WORK ITEM
Dropping every picture, set down exactly the lines in the entries below, starting with the line with "lot 3318 image: WICHEMI" and going on through the line with "KS license plate 013IPV".

------ RECORDS FOR THIS TASK

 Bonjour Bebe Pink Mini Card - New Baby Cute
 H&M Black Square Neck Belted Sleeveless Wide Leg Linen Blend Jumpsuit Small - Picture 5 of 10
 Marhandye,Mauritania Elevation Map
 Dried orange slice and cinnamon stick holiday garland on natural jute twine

------------
------ RECORDS FOR THIS TASK

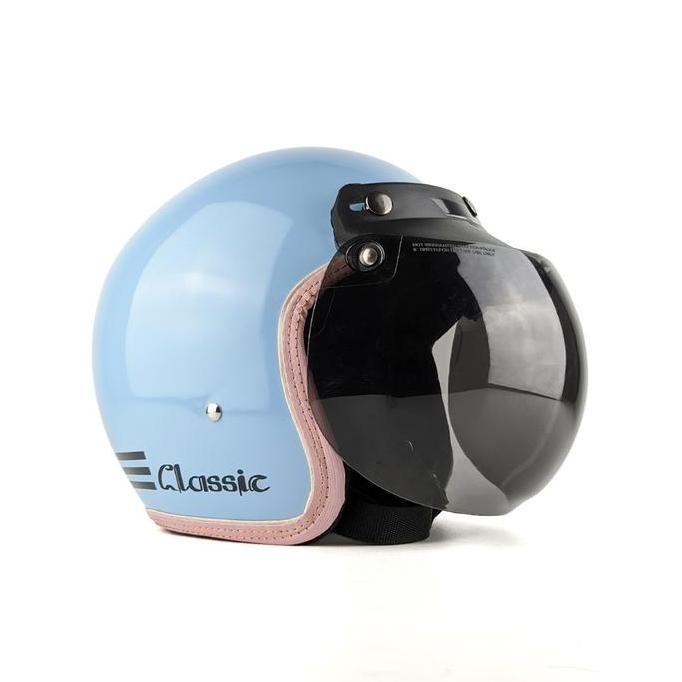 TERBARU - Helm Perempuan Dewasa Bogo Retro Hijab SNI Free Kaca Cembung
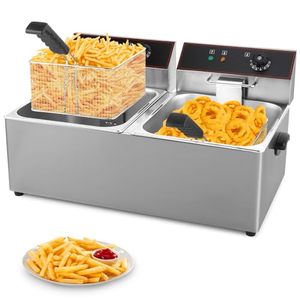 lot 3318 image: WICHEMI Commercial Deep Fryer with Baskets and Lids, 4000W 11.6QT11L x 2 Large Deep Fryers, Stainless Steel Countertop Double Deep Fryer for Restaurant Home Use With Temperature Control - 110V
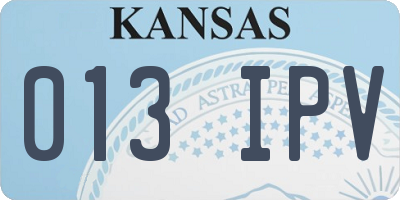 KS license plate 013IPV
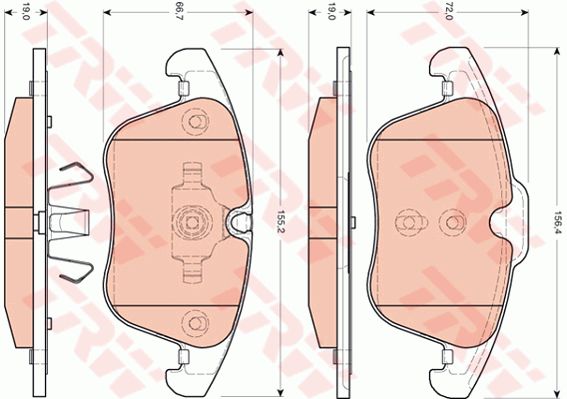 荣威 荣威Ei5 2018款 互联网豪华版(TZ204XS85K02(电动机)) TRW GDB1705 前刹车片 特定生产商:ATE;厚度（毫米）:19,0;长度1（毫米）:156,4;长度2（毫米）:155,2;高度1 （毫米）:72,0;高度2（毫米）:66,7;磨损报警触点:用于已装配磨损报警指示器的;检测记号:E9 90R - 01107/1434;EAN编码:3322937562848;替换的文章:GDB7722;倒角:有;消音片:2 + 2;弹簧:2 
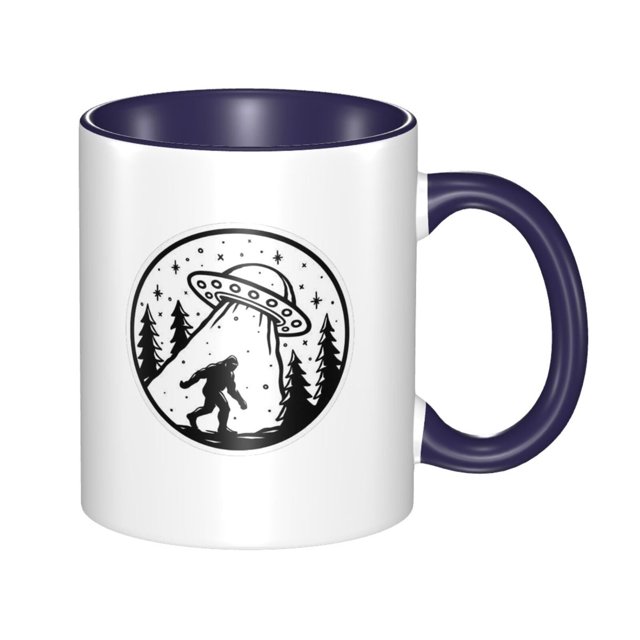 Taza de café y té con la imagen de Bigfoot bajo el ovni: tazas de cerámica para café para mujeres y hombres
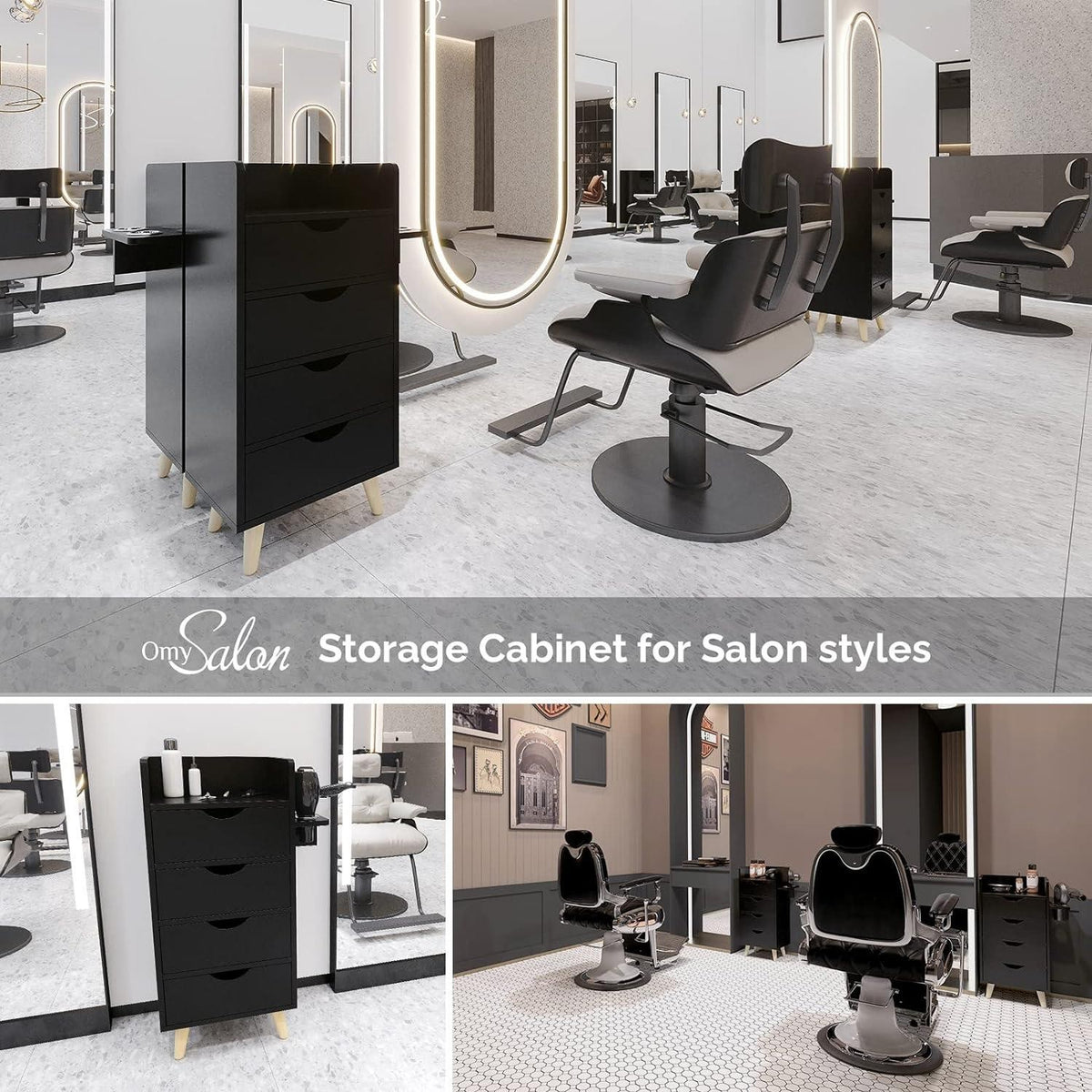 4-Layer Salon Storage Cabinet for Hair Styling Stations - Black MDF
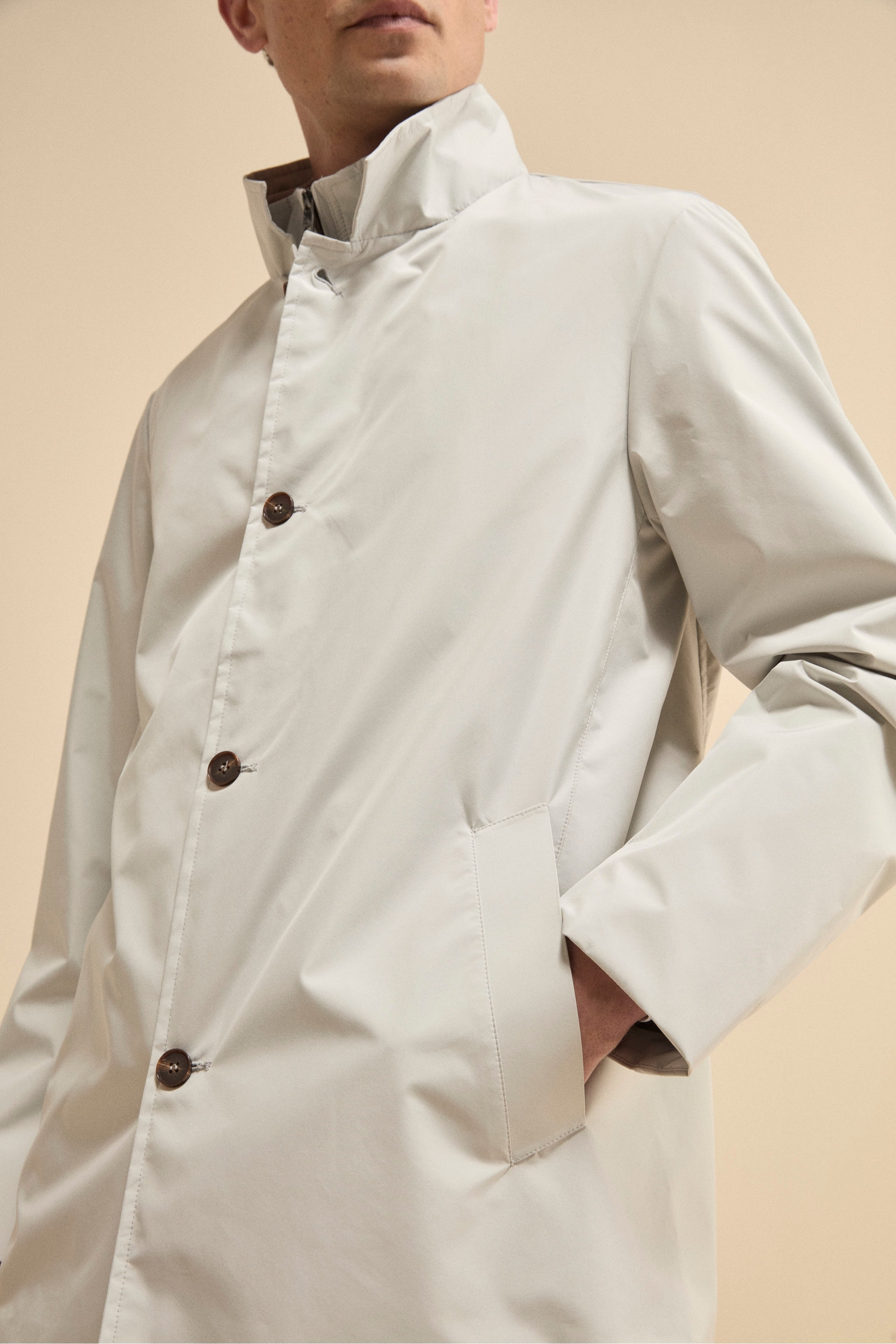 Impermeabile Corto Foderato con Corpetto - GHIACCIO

------------

EXERCISE RESULT
 lot 3318 image: WICHEMI Commercial Deep Fryer with Baskets and Lids, 4000W 11.6QT11L x 2 Large Deep Fryers, Stainless Steel Countertop Double Deep Fryer for Restaurant Home Use With Temperature Control - 110V
 KS license plate 013IPV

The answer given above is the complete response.